Head of School’s Notebook — Perspective

October 11, 2019

I love Westerns. I always have. Lonesome Dove totally captivated me when I read it as a teenager. It was the only book—besides Where the Red Fern Grows—that had me in tears by the end. Something about the relationship between Gus and Woodrow struck a chord with me.

So when Jay Dorion gave me a copy of Dream West in late August, I dove in. A bestseller when it was written in 1983 by David Nevin, the book tells the story of Charles Fremont and the mapping of the American West. It’s historical fiction, technically, but it’s a western through and through. And it’s long. So long that they made a mini-series out of it in 1986. I may have to watch that now, in fact.

What is remarkable about the book, and why I write about it today, is the rendering of the political landscape of the mid-nineteenth century.
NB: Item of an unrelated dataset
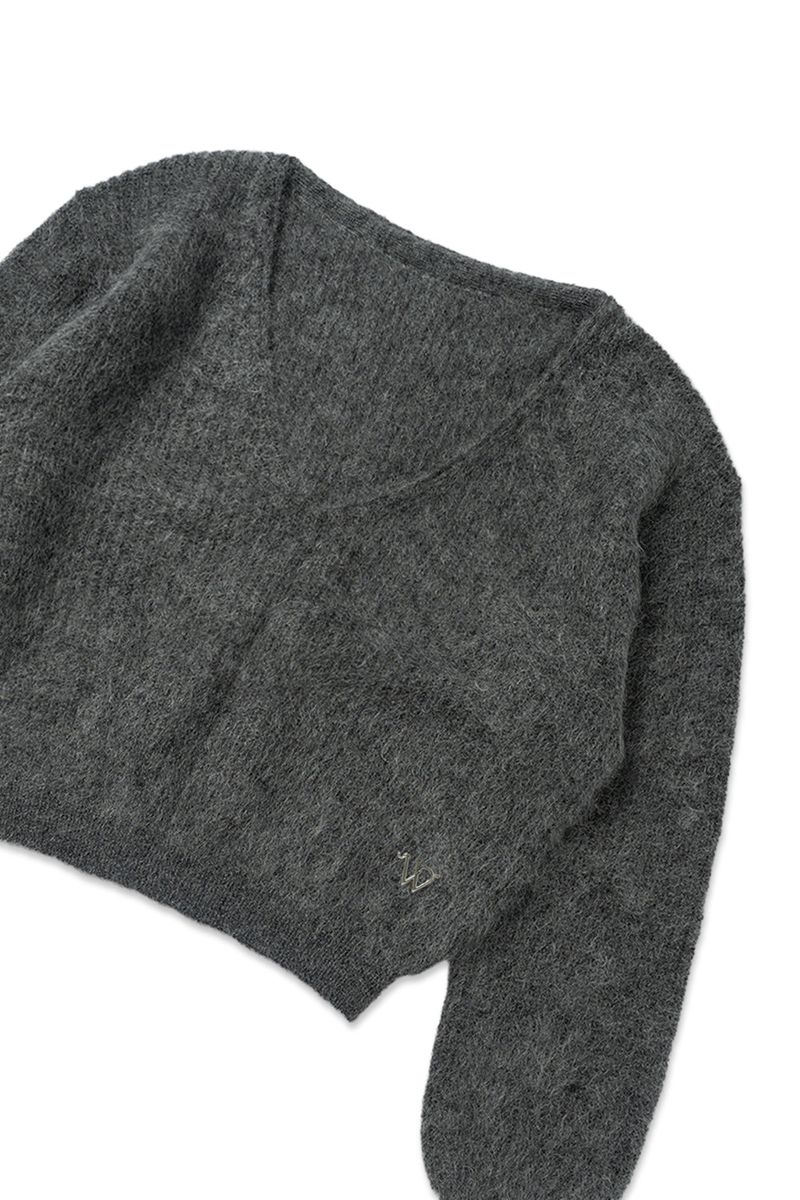 Mohair v-neck knit_charcoal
Charles Fremont, as it turns out, a soldier and explorer principally who gained great fame for his efforts to open the West to settlement, found himself the potential nominee for President in 1857 for two parties. The Democrats wanted him because he was born in the South and presumably sympathetic to the South’s interests. He was not.

But the nascent Republican party was happy to put up Fremont as their first candidate for President (Lincoln was their second), and Fremont agreed to stand for election. He lost in a relatively close race to James Buchanan, in large part because Fremont was not a politician, meaning that he was not willing to stoop to the unbridled vitriol that dominated the political landscape at that time. It’s instructive to read the account of misinformation, influence peddling, extortion and slander. Fremont even found himself the target of his father-in-law, Senator Thomas Hart Benton, who was an ardent Democrat.

Upsetting as it all is to read, it’s a fascinating look at the character of party politics and the trappings that remain with us very much today. Especially as we try to contextualize for our students the manner in which we might understand the throes of partisanship we are all encountering every day, a glance back in time is often the best path forward.

I was on an email string with members of the History Department recently who were trying to determine how best to contextualize the current challenges in Washington. Many were juxtaposing articles from various news sources—New York Times, The Economist, The Wall Street Journal, Politico, etc.—in an attempt to present information in a balanced, non-partisan manner. Strange that we could face such a challenge in this time of unending reporting. Nothing seemed quite right, though.

So instead the students in Advanced U.S. History, who had just begun a unit on the Constitution, complemented their work with a study of the Federalist Papers.

Other U.S. History classes were beginning their dive into the Revolutionary War, a time when newspapers, pamphlets, broadsides, and the like were growing in importance. One teacher used the study of that era and the dynamics both with respect to politics and the media to connect the past and the present, and to see the current conflict’s roots in the early throes of Democracy.

It was, candidly, invigorating to watch this pedagogy grow—evidence both of a remarkably thoughtful faculty and students eager to understand the present by learning about the past. Truth is an oft-debated and elusive concept in this day and age. Bias seems to undermine even the most fundamental tenets in our world. But history gives a way in to the discussion, a way to contextualize our behavior (past and present) and hopefully a way to find the meaning, the possibility, and the solid footing on which to stand and press forward.

Hard to imagine a better outcome from a history class.